Whedon Clarifies Gender Comments, Wouldn't "Rule Out" Directing "Captain Marvel"

"Avengers: Age of Ultron" director Joss Whedon has long been a champion of feminism and female super heroes, so it was no surprise when he took Hollywood's lack of equal gender representation to task in an interview with Digital Spy.

"It's a phenomenon in the [film] industry that we call 'stupid people'," Whedon said. "There is genuine, recalcitrant, intractable sexism, and old-fashioned quiet misogyny that goes on. You hear 'Oh, [female superheroes] don't work because of these two bad ones that were made eight years ago', there's always an excuse."

To put the quote into context, it was given during an interview last summer while "Avengers: Age of Ultron" was in production -- meaning that it came before Marvel gave the go-ahead to "Captain Marvel" and Warner Bros. announced "Wonder Woman," and it came before the massive box office success of "The Hunger Games: Mockingjay - Part 1" and "Lucy." Stating that his comments now make him sound "mean and bitter," Whedon elaborated on his views in a new interview with Buzzfeed.

Whedon revealed that he was aware that a film starring Carol Danvers was int he works when he talked to Digital Spy last summer, but he was also "not expecting it to get any traction, honestly. That's something that [Marvel Studios chief] Kevin [Feige] has been working on for a while. And I obviously was a cheerleader, but he had to get all the ducks in a row and get all the minds in agreement. I think being a part of Disney maybe makes it easier, because they're open to it. And Marvel now is in a position to shake up its own paradigm, because it's got such a success record."

Whedon added that "Guardians of the Galaxy's" surprise success despite being a complete unknown with mainstream audiences probably helped "Captain Marvel's" chances. "Honestly, you know, 'Guardians [of the Galaxy]' might have helped it, just because that was outside what was considered to be their box and did so well that -- Well, let's put it this way: If a raccoon can carry a movie, then they believe maybe even a woman can."

Buzzfeed asked Whedon if he'd be up for directing Marvel's first solo female hero film since it looks like he may not return to helm the two-part "Avengers: Infinity War."

"I would never rule anything out, because I like working here," said Whedon. "By the same token, the biggest thing for me is that I need to do something that I create myself. It's been way too long since I created a universe."

Whedon talked a little bit about the character, revealing that a lot of his knowledge of her comes from her '70s days as Ms. Marvel. "Captain Marvel I don't know as well. There have been a few [versions] of her. I have the first issue of 'Ms. Marvel,' back when she was that, and had the Farrah hair. My only issue with her is that she always felt sort of on top. She was very driven. A winner. I always like to dig into the soil of things to find my heroes, if I can."

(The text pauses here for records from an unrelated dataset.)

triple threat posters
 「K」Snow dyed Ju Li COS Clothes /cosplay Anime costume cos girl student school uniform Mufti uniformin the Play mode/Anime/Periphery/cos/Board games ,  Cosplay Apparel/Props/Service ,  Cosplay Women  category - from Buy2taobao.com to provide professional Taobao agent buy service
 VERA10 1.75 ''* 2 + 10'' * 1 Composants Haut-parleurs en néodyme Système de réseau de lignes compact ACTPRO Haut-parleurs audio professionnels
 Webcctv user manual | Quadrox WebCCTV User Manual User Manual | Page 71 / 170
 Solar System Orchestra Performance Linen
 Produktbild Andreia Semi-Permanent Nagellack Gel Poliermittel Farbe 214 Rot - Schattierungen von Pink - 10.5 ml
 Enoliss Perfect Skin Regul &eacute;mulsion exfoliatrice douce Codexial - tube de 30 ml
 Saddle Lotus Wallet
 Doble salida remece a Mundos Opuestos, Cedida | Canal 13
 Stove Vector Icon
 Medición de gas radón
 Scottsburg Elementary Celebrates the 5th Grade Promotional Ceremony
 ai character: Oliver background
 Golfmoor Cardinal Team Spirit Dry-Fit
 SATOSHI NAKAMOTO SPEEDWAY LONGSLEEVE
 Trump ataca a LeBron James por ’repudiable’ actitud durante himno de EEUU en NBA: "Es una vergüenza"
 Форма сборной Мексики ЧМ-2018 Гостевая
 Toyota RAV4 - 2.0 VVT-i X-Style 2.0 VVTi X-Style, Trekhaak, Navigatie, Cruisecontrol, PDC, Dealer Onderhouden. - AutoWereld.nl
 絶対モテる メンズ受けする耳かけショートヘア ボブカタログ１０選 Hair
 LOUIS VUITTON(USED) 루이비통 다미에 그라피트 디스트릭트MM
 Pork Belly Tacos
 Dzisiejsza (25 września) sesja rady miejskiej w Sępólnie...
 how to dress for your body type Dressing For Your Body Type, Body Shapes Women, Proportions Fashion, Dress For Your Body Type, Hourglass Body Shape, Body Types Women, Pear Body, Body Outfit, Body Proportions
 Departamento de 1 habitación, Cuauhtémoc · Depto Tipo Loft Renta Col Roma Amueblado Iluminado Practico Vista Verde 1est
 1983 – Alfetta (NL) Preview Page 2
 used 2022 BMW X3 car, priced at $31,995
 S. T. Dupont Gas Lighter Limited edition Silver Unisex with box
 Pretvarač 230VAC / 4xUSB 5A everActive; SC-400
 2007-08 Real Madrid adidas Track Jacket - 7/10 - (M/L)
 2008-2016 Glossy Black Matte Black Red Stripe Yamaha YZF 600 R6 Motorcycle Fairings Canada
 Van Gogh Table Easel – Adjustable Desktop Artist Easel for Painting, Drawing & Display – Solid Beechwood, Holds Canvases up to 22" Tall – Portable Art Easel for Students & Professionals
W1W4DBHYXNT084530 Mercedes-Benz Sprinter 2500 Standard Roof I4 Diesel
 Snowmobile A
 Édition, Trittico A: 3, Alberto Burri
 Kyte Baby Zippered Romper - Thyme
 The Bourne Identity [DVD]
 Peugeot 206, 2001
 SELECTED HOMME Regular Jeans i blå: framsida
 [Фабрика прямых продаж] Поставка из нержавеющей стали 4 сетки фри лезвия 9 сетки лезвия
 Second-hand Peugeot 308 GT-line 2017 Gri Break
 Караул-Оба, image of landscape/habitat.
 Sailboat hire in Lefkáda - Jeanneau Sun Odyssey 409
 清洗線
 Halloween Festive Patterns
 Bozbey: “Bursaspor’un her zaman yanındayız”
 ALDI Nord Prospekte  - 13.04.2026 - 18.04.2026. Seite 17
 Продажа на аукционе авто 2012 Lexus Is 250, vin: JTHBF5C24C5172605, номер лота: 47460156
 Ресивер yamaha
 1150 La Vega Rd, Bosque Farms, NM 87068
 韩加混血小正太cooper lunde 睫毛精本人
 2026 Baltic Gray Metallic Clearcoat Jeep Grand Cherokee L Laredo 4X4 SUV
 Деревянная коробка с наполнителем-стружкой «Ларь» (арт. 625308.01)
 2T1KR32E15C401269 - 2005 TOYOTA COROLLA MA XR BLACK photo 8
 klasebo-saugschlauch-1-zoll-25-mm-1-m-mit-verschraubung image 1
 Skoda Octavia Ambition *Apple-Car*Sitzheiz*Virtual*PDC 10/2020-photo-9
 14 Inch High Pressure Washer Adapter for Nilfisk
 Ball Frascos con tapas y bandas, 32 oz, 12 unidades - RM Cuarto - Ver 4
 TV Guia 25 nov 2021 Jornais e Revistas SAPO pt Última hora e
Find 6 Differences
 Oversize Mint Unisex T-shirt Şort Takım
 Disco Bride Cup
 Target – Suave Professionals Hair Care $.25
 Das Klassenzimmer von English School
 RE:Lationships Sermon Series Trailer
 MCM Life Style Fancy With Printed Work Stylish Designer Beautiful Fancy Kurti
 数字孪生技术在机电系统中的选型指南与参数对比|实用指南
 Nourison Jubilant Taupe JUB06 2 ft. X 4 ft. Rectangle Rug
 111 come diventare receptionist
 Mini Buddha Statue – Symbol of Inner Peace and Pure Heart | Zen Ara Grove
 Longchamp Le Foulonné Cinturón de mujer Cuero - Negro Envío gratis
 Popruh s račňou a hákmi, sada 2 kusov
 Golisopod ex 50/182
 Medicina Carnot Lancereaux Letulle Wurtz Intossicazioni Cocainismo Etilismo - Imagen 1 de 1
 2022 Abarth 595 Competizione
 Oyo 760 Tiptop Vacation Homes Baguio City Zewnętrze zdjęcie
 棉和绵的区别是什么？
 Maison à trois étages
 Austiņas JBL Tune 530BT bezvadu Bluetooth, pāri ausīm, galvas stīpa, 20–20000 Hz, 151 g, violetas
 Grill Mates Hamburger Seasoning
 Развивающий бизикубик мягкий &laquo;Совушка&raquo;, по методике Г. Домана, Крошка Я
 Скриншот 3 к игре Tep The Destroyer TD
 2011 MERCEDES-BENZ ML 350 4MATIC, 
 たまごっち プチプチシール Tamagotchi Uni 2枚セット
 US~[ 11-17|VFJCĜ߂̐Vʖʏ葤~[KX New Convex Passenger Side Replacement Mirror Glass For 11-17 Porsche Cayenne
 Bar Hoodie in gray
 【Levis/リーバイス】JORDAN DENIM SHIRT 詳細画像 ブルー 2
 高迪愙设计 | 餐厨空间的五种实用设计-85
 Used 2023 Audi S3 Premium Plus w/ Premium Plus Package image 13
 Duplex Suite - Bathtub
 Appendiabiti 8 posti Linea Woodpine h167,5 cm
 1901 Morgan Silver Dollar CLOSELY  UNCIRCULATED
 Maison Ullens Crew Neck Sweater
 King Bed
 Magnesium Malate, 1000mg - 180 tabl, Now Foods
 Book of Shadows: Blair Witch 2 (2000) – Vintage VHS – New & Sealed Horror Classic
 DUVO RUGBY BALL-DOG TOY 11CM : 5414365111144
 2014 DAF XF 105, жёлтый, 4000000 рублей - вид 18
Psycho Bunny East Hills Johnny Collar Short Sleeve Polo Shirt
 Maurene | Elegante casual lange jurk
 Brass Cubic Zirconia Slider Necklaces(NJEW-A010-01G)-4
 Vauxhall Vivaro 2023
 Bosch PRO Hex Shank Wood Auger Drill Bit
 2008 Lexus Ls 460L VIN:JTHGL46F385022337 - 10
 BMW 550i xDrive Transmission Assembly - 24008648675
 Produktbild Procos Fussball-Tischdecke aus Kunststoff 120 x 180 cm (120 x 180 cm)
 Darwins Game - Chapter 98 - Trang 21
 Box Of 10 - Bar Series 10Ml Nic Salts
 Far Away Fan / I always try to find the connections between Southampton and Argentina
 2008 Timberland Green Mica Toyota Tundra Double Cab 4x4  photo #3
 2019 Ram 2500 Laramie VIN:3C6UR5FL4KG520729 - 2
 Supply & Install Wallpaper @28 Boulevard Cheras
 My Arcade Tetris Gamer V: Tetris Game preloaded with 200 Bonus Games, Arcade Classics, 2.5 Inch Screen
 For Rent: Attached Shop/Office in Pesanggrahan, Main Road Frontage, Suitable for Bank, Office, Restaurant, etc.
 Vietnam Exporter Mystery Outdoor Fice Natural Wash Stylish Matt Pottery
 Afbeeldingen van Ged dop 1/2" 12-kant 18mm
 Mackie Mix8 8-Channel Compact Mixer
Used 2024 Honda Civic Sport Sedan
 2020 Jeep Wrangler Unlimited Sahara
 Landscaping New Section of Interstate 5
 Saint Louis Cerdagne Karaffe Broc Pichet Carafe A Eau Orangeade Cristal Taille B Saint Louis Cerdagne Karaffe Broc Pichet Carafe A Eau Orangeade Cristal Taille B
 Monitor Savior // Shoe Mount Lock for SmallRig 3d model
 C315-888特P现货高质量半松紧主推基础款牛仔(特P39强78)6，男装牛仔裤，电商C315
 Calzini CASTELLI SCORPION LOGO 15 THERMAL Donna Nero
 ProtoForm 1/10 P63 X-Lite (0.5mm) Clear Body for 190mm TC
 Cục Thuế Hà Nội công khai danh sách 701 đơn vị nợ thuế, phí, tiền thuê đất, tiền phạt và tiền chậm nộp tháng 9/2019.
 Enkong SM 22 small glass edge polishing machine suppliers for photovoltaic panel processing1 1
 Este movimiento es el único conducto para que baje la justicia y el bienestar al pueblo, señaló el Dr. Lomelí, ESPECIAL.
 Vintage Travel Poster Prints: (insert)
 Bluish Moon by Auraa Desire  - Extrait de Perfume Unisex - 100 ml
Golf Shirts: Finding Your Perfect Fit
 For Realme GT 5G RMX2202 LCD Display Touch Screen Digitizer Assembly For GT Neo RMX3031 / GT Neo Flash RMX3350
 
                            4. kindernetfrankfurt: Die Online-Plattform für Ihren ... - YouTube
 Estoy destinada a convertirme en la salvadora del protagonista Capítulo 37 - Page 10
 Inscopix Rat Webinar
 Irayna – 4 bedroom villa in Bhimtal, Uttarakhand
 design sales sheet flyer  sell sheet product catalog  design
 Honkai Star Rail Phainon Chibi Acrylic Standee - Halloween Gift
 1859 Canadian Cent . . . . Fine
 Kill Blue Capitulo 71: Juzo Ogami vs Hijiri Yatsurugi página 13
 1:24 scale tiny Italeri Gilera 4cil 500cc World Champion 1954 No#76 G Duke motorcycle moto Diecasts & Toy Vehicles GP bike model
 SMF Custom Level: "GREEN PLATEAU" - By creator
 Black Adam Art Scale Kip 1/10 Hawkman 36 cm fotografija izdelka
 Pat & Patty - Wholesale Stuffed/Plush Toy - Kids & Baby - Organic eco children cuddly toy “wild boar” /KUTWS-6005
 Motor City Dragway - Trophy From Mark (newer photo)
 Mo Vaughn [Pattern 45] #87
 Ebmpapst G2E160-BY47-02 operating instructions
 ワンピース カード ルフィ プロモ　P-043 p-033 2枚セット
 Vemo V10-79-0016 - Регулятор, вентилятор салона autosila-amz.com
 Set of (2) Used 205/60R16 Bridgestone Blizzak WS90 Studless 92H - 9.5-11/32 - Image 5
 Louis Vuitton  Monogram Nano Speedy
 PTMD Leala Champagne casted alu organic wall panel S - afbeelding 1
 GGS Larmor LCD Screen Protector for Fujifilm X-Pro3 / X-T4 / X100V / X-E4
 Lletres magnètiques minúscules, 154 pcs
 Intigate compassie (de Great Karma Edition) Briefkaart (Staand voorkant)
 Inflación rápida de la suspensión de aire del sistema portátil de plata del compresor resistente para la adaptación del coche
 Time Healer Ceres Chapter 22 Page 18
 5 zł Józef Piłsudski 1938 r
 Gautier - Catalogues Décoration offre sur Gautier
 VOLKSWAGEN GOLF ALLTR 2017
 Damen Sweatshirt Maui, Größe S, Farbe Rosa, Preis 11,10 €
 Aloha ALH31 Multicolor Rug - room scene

Fox's X-Men property came up, as its home to many notable A-List female heroes -- Storm, Rogue, Kitty Pryde, Jean Grey, Mystique -- that Marvel Studios cannot use. "The X-Men was the next evolution of the Marvel paradigm back when I was reading it," said Whedon. "And, you know, because of the metaphor [of] they were dealing with these oppressed people ... there really wasn't a gender bias in the books. As soon as Marvel [Girl, aka Jean Grey] became Phoenix, the most powerful person in the universe, everything was on the table. It was all multicultural and there was no real question of gender in the book. Now, you can look at it and say, 'Well, this attitude is dated.' I'm sure that's the case if I went back to them. But the fact is it was kind of a utopia. I didn't know it at the time, because I just assumed that's how things should be done."

"Avengers: Age of Ultron" opens on May 1.